According to WO2015/058227 A1, light beams that are superimposed to an overall light distribution are cropped by masks that vary from light beam to light beam (see there in FIGS. 3 and 3b), in order to produce an overall light distribution with a desired shape and brightness distribution (there in FIG. 3a). In fact, several unnecessary cut-off lines are hereby projected. As it can be seen there, the differently shaped partial light distributions are superimposed to one overall light distribution. Not every partial light distribution features the same cut-off line. For example, LV2 includes a so-called 15°-ascent, while LV1, LV3, LV4, LVS (there in FIG. 3b) feature a horizontal cut-off line.
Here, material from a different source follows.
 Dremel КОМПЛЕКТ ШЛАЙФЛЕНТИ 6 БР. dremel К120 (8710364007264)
If it is assumed that each mask/aperture in FIG. 3 of the WO2015/058227A1 is illuminated with the same intensity, it is directly obvious that a lot of light is shielded off, which entails several disadvantages: In order to achieve a pre-determined brightness on the roadway, several light sources need to be used, which is expensive. Many light sources also produce comparatively much heat, which requires large and heavy cooling elements. Due to the superimposition of wide basic light distributions (see in particular LV1) with one low-beam spot (see LV2), it can also occur that the greatest brightness is achieved unnecessarily far below the horizon, which limits the range in a negative way.
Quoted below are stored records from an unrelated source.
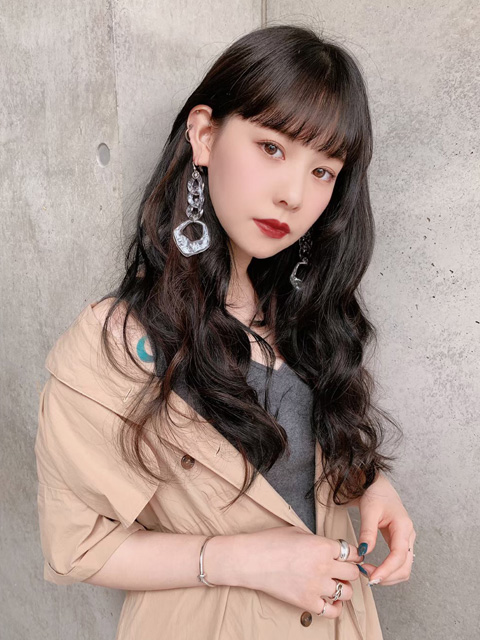 徳島 ヘアサロン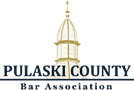 Pulaski County Bar Association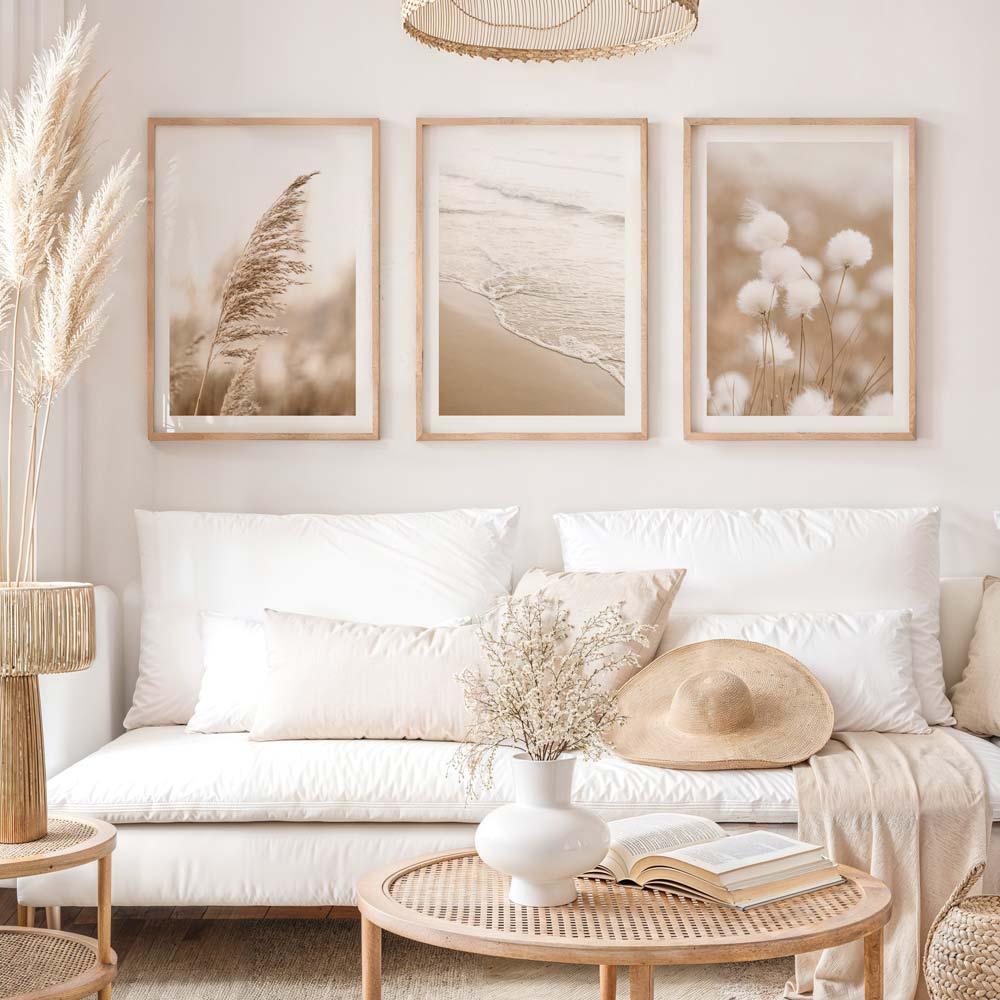 Playa Beige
The light distribution of a low-beam spot with a rule-consistent cut-off line extends in horizontal direction e.g. only until +/−20° H and in vertical direction e.g. only between +0.43° V and −4° V. In order to compile a complete low-beam light distribution, which can comprise portions until e.g. +/−40° horizontal and up to −10° vertical, an additional basic light distribution is necessary. Basic light modules illuminate in horizontal direction e.g. +/−40°. Basic light modules hereby often generate a straight horizontal cut-off line which may in some sections not go higher than −0.57° below the horizon on the left side in right-hand traffic. Due to its horizontal course, it also does not reach higher on the right side. When such a basic light distribution is integrated into a low-beam light distribution, in which high intensities are demanded above the horizon on the left side in horizontal direction upwards of −10° and on the right side in the horizontal direction upwards of about +1.5°, the cut-off line of the basic light distribution remains visible on the left and in particular on the right and distracts the overall appearance. Additionally, the low-beam range only reaches suboptimal values, since the required allowed intensity maximum (less than 43.750 cd) may possibly be found below the horizon, at the transition to the basic light distribution.
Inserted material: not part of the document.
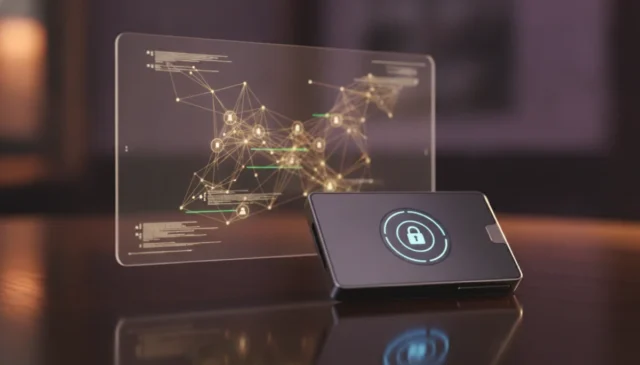 Defending Your Digital Wealth: How to Thwart Advanced Cryptocurrency Exploits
Based on the WO2015/058227 A1, which already fulfills the demand for a reduction of construction space, the inventors have set themselves the goal to provide a motor vehicle headlight, which—while not requiring more construction space —works more efficiently than the known headlight, produces a homogeneous, colorless low-beam light distribution which features an angle range of more than +/−40° in horizontal direction and an angle range of +0.57°/−10° in vertical direction for light intensities of at least 250 cd and whose light intensity increases towards the center, or towards the optical axis, in the case of the low-beam light towards the maximum allowed 43750 cd, without the appearance of sharp brightness differences within the light distribution. For a high-beam light (without an aperture), simpler requirements apply without a cut-off line and with a higher maximum. A homogeneous light distribution is thereby understood to be a light distribution in which, apart from the outer edges, no sharp brightness differences and no chromatic aberrations appear.